**Material supplied**.

# # # # # # #

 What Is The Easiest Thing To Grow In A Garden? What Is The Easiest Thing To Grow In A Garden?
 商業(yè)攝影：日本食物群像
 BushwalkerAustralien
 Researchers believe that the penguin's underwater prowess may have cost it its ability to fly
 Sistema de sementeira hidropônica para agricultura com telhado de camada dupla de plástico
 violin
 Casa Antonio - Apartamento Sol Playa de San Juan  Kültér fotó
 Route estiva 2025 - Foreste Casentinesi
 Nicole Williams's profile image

# # # # # # #

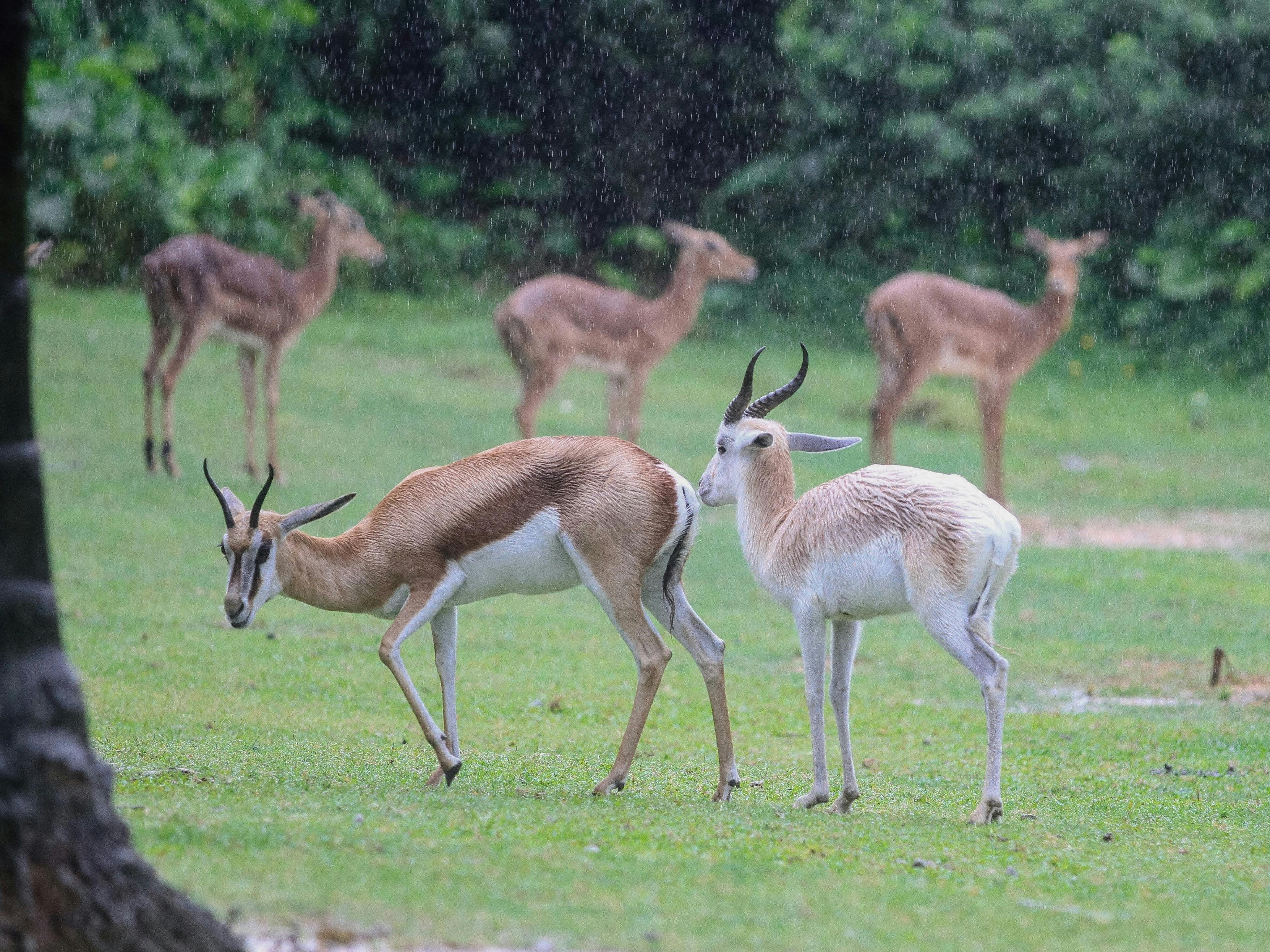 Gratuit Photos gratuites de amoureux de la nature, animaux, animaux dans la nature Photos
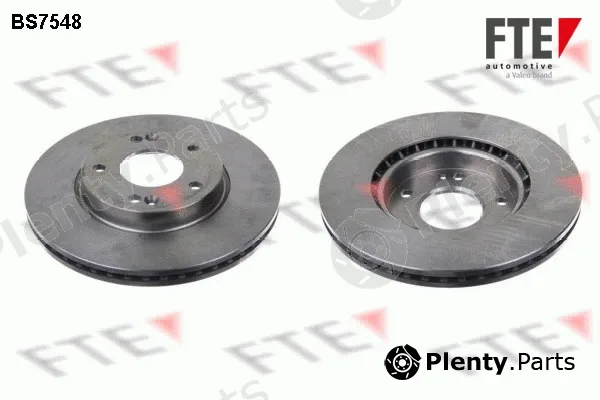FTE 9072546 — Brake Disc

# # # # # # #

**What the task requires**.
Extract from the listing above the lines between the line containing "Researchers believe that" and the line containing "Nicole Williams's profile image", keeping both of those lines. Output nothing else.

**Task result**.
 Researchers believe that the penguin's underwater prowess may have cost it its ability to fly
 Sistema de sementeira hidropônica para agricultura com telhado de camada dupla de plástico
 violin
 Casa Antonio - Apartamento Sol Playa de San Juan  Kültér fotó
 Route estiva 2025 - Foreste Casentinesi
 Nicole Williams's profile image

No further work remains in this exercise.